Reflections on Virginia Tech tragedy

No one with an ounce of human decency could fail to be heartbroken at the tragic massacre on campus at Virginia Tech last week. A deeply disturbed, indeed deranged, student, a South Korean resident alien named Cho Seung-Hui, killed 32 students and professors before turning his gun on himself, making this the largest mass shooting in American history.

Students and professors alike demonstrated true courage and even heroism, blocking the murderer with closed doors, piled-up desks, and sometimes even their own bodies. The first victim was a freshman girl, the second her RA (Resident Assistant), who tried to come to her aid. A 76-year-old engineering professor and Holocaust survivor, Liviu Librescu, was killed holding his classroom door closed so that his students could escape.

In the midst of this tragedy and heroism, it is all the more saddening, although predictable, that elements of the gun-ban lobby, in the media and elsewhere, would try to use this horrific event to bolster their agenda. But then, many of the same people attempted to do the same thing after 9/11, in which no firearms were even used. Ideology bows to neither human tragedy nor reason, apparently.

Far from being a showpiece for what is euphemistically called gun "control," this incident clearly demonstrates the futility of expecting laws to stop criminals, who by their very nature transgress laws. Guns are banned on college and university campuses -- but that did not keep Cho from bringing his onto the campus at Virginia Tech. Granted, a person with his psychological profile ought to have been barred from purchasing a firearm. Somebody dropped the ball, somewhere.

Still, I recall thinking sadly, as I received news of this incident, "oh no, guns are prohibited on campus: those students were defenseless, no way to fight back." At least some VT students felt the same: one member of the campus shooting club, interviewed by ABC's Good Morning America, expressed frustration that if concealed carry of a handgun were allowed on campus, he or someone else might have been able to stop the shooter before he'd killed so many.

I am reminded of the woman, some years ago, who watched her mother gunned down in a fast-food restaurant, unable to intervene because she had left her handgun legally locked in her car in the parking lot. Or again, of the high school vice principal who retrieved his handgun from his car parked legally off-campus and was, in fact, able to subdue a shooter who was rampaging through his school.

In fact, as Gun Owners of America director Larry Pratt accurately points out, according to UPI, "all the school shootings that have ended abruptly in the last 10 years were stopped because a law-abiding citizen -- a potential victim -- had a gun." Yet the gun-ban crowd would like to further restrict legal access to firearms. This makes no sense at all.
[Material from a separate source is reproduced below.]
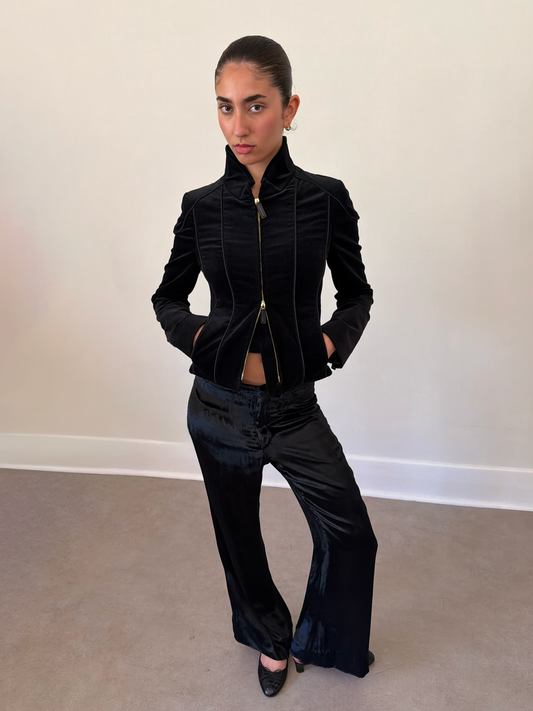 2000s gucci by tom ford black velour jacket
I cannot emphasize this strongly enough: criminals may be crazed, they may be deranged, but they are not stupid. They are far more likely to pick "soft" targets, places where they know no one is going to be shooting back at them, for their rampages. Would not knowing whether a given victim or bystander would be able to return fire absolutely dissuade all violent crime, all the time? No, of course not. Would it help the situation? I believe it would, and there are statistics to back up this view: see John Lott, "More Guns, Less Crime."
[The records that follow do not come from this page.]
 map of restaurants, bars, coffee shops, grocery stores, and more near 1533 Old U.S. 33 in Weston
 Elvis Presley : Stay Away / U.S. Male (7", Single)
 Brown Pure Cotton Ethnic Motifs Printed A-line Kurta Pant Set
More productive is trying to figure out why so many signals were missed in the case of Cho: an individual who had twice been accused of stalking, who had been examined and found to be mentally unstable, who had frightened classmates and professors alike with his graphically violent and twisted poetry and plays, who was so distant and sullen his tutor said that attempting to communicate with him "was almost like talking to a hole,” according to an AP report. Yet neither the university administration nor law enforcement authorities proved willing or able to step in and prevent the tragedy.

As a hunting safety instructor, and a certified range officer, I will proudly admit my bias: that ordinary, law-abiding citizens clearly have the Constitutional right, and ought to have the means, to protect themselves from deranged, murderous psychopaths like Cho. If this incident at Virginia Tech makes one thing clear, it is that citizens who count only on the authorities to protect them are in for a grievous, and perhaps lethal, disappointment.